Author: Christina Spiesel

  • Do You See What You Believe?

    On November 17,  a video from a crash involving a police car in Connecticut was released to the public.  The video shows the last moments in the lives of two young people in a car hit by a police cruiser moving 94 miles per hour with no siren and no flashing lights. It was carried on local news broadcasts and quickly circulated on the Internet.   If we didn’t have this critical footage, there would be no contemporaneous visual record of the events immediately preceding the accident.  But what will jurors and judges make of this ostensibly objective and probative visual evidence?

    My research and teaching focuses on visual persuasion — the use of images to communicate and create their own meaning in legal settings.
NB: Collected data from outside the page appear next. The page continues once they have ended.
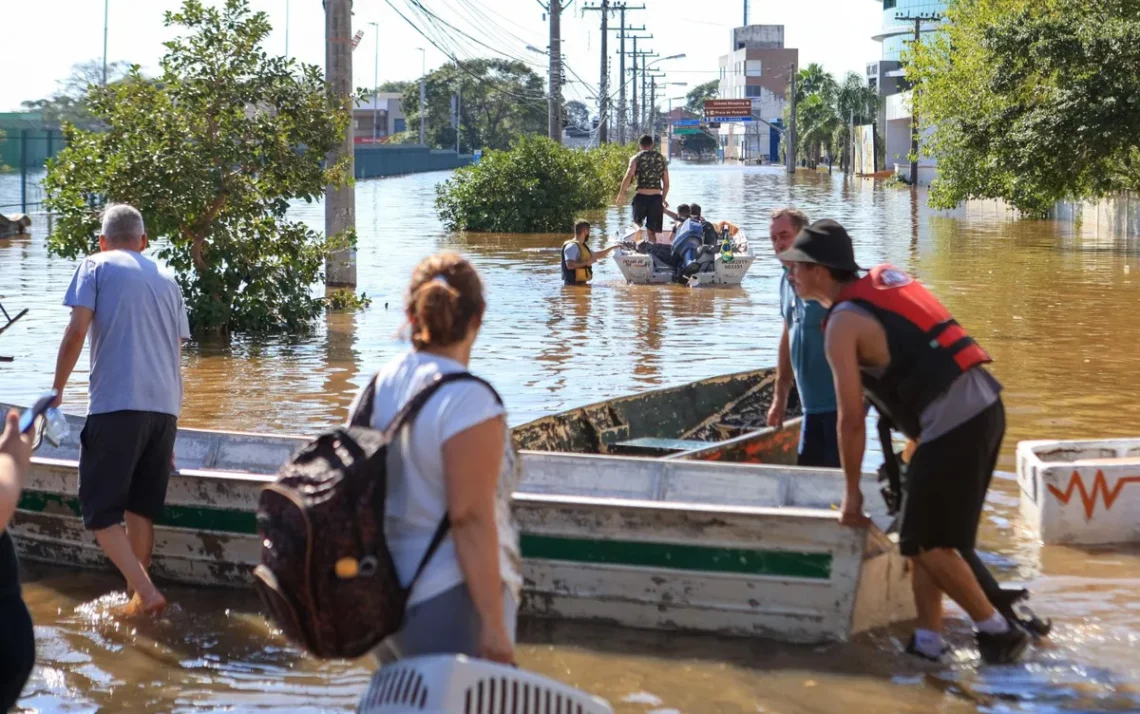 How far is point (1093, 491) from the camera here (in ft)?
25.1

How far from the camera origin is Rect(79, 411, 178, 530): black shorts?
620 cm

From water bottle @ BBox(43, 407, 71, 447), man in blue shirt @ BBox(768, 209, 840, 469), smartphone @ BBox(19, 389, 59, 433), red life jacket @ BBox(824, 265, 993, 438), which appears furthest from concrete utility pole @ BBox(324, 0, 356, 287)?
smartphone @ BBox(19, 389, 59, 433)

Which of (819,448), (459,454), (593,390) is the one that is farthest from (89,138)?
(459,454)

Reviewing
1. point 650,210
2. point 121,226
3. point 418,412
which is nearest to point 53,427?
point 418,412

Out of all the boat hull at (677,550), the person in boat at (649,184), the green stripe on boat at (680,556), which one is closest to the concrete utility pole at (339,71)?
the person in boat at (649,184)

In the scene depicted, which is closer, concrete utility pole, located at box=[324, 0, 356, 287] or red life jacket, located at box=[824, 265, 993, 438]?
red life jacket, located at box=[824, 265, 993, 438]

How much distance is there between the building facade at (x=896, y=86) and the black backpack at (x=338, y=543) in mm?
51894

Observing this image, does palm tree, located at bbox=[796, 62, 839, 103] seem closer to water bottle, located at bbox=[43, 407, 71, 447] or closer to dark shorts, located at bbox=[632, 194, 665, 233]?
dark shorts, located at bbox=[632, 194, 665, 233]

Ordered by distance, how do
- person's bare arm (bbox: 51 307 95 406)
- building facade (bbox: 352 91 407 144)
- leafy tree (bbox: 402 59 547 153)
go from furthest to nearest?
building facade (bbox: 352 91 407 144) → leafy tree (bbox: 402 59 547 153) → person's bare arm (bbox: 51 307 95 406)

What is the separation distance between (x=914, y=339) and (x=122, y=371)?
332cm

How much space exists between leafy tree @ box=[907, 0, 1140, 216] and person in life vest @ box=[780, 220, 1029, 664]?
22.2 metres

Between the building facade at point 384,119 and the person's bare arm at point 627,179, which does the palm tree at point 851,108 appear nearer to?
the building facade at point 384,119

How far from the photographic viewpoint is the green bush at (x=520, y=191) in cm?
3603

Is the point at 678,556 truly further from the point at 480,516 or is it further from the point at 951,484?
the point at 480,516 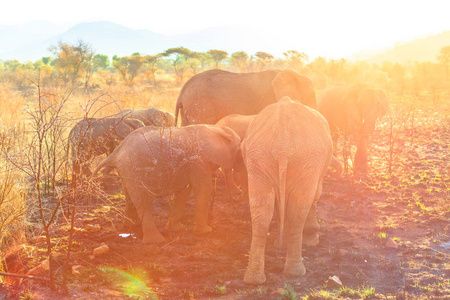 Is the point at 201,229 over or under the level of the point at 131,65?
under

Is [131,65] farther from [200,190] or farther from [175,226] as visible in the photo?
[200,190]

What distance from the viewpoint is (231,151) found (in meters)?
6.38

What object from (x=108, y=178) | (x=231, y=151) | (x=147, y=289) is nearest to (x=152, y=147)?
(x=231, y=151)

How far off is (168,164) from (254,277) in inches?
76.2

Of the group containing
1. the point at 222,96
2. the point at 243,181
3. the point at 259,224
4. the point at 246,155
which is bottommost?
the point at 243,181

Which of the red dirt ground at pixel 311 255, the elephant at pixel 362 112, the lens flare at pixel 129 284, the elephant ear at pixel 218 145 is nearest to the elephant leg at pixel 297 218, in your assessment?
the red dirt ground at pixel 311 255

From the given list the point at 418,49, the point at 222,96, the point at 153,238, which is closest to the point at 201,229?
the point at 153,238

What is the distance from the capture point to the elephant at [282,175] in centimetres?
463

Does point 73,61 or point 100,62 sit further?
point 100,62

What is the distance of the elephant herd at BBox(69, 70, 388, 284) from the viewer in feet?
15.4

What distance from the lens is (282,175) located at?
4547 mm

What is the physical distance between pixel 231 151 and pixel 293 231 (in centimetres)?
186

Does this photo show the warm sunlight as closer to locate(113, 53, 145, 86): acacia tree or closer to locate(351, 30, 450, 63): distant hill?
locate(113, 53, 145, 86): acacia tree

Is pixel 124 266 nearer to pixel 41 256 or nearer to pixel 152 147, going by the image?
pixel 41 256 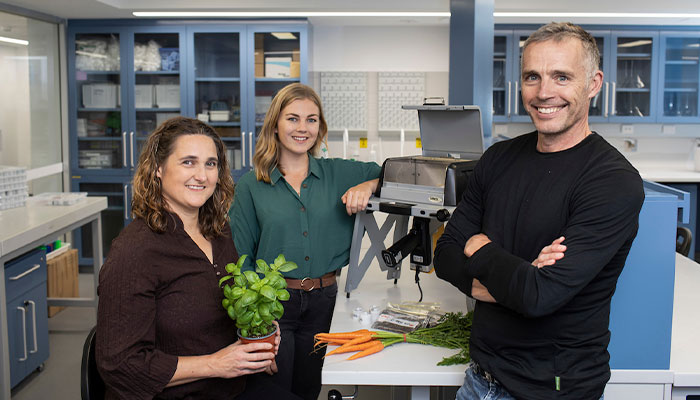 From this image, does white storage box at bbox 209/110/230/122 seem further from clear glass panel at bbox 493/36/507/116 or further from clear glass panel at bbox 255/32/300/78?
clear glass panel at bbox 493/36/507/116

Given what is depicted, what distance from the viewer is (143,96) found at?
5.66 metres

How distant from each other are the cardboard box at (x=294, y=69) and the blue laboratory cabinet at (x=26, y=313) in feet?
9.14

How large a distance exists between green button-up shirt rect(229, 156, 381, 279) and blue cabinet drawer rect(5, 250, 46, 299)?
1.65 m

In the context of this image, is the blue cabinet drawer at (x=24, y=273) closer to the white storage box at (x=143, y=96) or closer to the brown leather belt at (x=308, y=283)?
the brown leather belt at (x=308, y=283)

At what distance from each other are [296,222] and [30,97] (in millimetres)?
3916

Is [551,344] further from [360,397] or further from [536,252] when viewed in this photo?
[360,397]

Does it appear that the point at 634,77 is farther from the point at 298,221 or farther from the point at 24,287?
the point at 24,287

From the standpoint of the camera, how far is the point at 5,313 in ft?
9.83

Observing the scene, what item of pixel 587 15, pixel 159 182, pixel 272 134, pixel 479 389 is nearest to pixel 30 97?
pixel 272 134

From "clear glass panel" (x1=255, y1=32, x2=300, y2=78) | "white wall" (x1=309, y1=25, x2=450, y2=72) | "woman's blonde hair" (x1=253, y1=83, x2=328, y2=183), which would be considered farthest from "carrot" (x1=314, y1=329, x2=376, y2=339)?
"white wall" (x1=309, y1=25, x2=450, y2=72)

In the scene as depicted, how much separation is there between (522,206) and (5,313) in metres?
2.63

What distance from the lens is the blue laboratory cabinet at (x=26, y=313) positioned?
3.28m

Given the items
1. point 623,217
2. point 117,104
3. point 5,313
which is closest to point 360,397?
point 5,313

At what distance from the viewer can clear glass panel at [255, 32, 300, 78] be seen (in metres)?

Together with Neal Feigenson, I recently published a book on the topic, entitled “Law on Display.” The case in Connecticut provides a striking example of the potential power of visual evidence in a criminal case, and the many ways seemingly simple images can be interpreted and presented in a courtroom.

    To test the public response to the video, I paged through reader comments in a New Haven Register story featuring the video.

    Those who blame the officers outnumber those who blame the young people three to one.  Some responders want to split the blame; others advise waiting for the evidence to be tested in court.  A few speculate about what might be discerned from the tape about the driver of the cruiser that collided with the turning car– that he must have been looking back through his mirror, not forward, to have missed seeing the car.  Many comments express the writers’ common sense presumptions about the behavior of those involved – teenagers drinking, teenagers out late at night buying cigarettes, cops “drag racing,” cops “abusing their power” by not obeying traffic laws themselves.